Williams says HBCUs will produce future leaders
By Kesha Williams
Elizabeth City State University welcomes Dr. Gwendolyn Williams as the new chairwoman of the Department of Education, Psychology and Health.
A native of Monroe, Louisiana, Dr. Gwendolyn Williams earned a B.A. degree from Spelman College. She also holds a master’s degree, a specialist degree, and a Ph.D. from Georgia State University (GSU). Williams says her arrival at ECSU follows years of pursuing her passion to improve students’ ability to read and write well. While teaching middle school students, she was selected to serve on an advisory board that changed her life. She became the co-director, and later the director, of a national writing project. There, she learned from acclaimed educators such as Dr. Robert Probst and Dr. Joanne Wynne, both gurus of the writing process movement. In addition, she acquired valuable leadership lessons from GSU’s Benjamin E. Mays and Dr. Lisa Delpit.
“I was humbled to work with professionals who were accomplished pioneers in the field of literacy. It was a gratifying and optimal learning experience.”
This project allowed Williams and her colleagues to hold a five-week summer institute for classroom teachers to help them make better readers and writers of their pupils. Williams noted that classroom teachers are often better prepared to teach youths how to read, but not how to write well. As a result, some classroom teachers struggle to teach good writing skills to their students. Williams remained involved with the project for 10 years and was instrumental in the creation of better instruction strategies for teachers. The process also included monitoring teachers’ progress after they completed the five-week course.
While working in academia, Williams also served as a professor and as a department chair. In those roles, she traveled to Europe, Africa, Switzerland, Germany, and South Africa to interact with educators and to observe how they dealt with their instructional challenges.
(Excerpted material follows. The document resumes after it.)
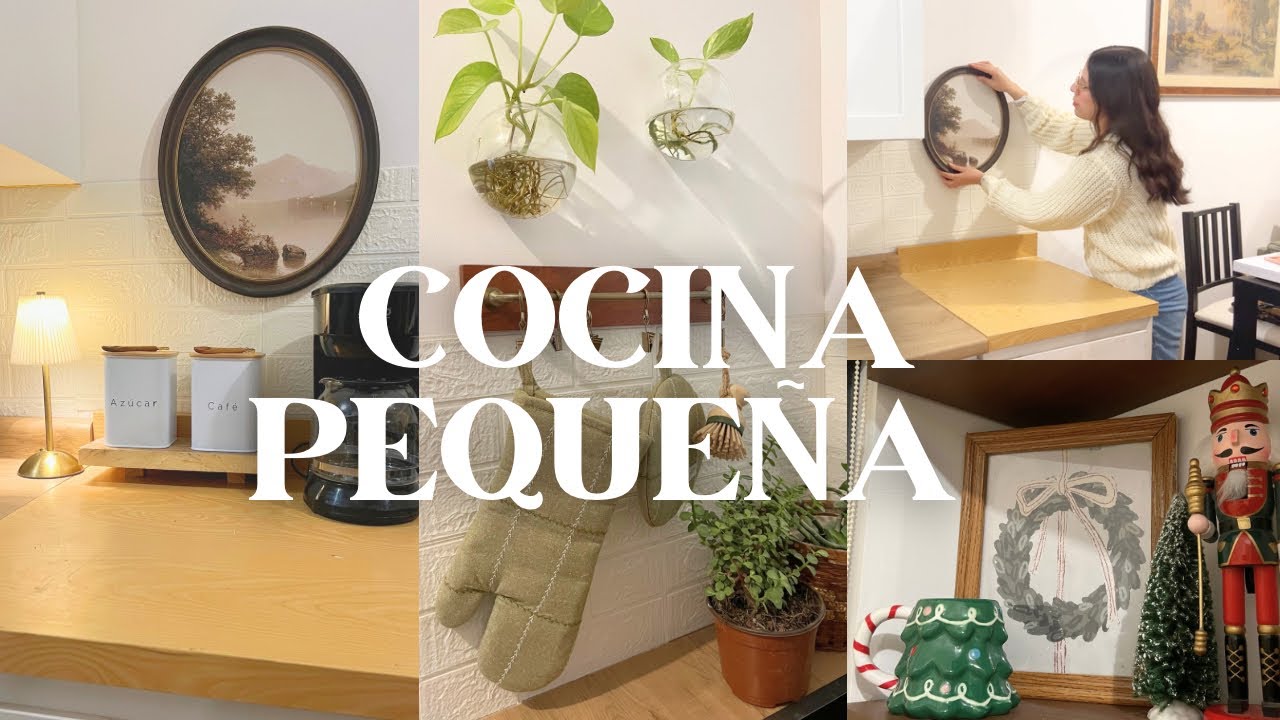 COCINA Pequeña mas BONITA con poco ✨ Decoración y organización | Estilo Pinterest cottage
“My travel to other countries provided a lens and an appreciation for what I can do; how to motivate those who want to be motivated. I learned how to get other people involved, because this work of educating students cannot be done by one person. I am the catalyst and the steward for innovation,” Williams said.
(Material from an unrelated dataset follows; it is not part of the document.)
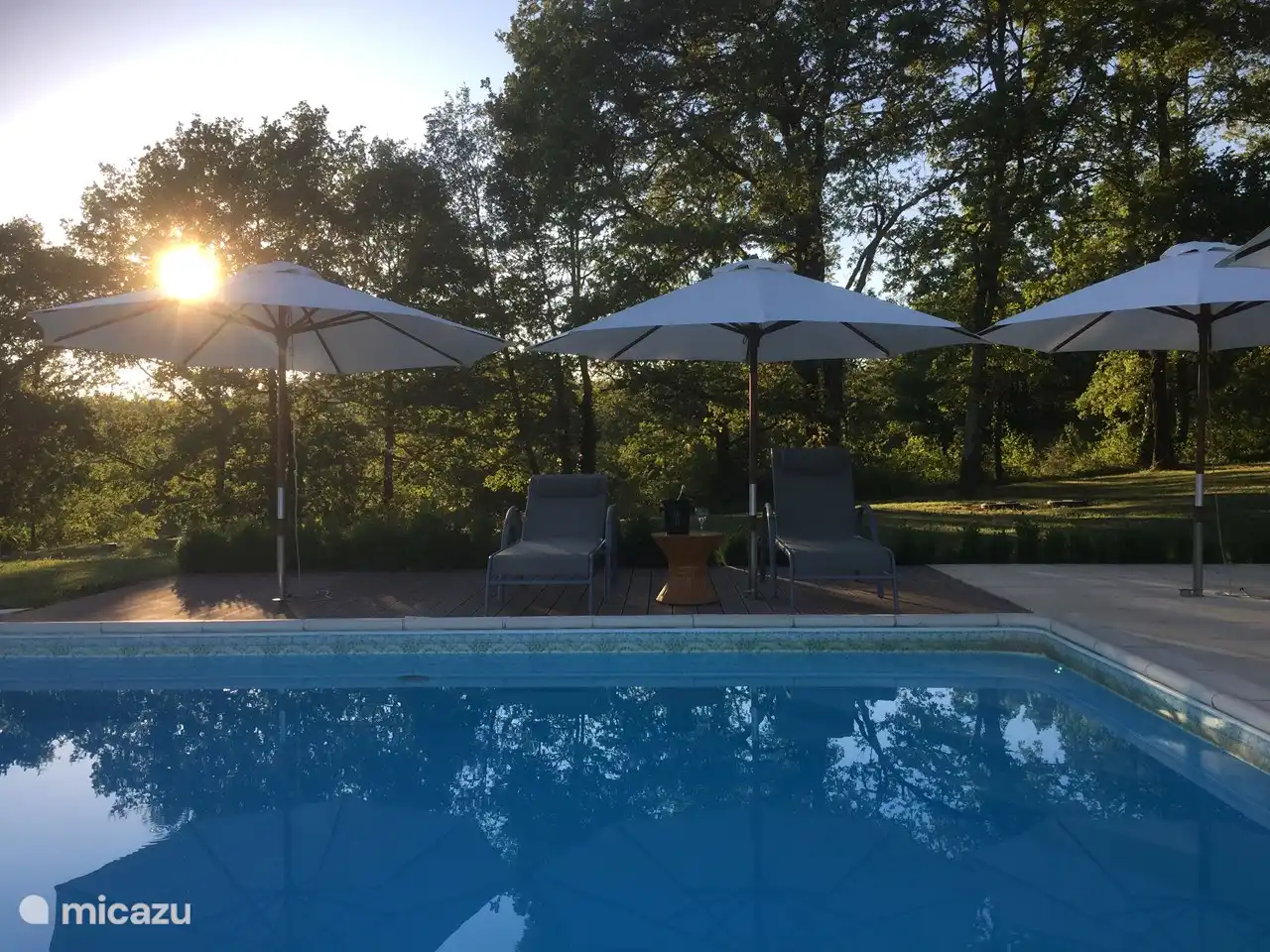 Die letzten Sonnenstrahlen.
Now she looks forward to leading faculty and staff under her supervision at ECSU.
“An HBCU is in a premier position to help you as a faculty member take on that mantle of making sure our students know what they are destined to achieve. An HBCU is an invigorating place because many students have gotten more academic and social support that has allowed them to achieve.”
“From that strain grows the kind of people who can be our future leaders, our movers and shakers… Growth is on all of our agendas. We will do this together.”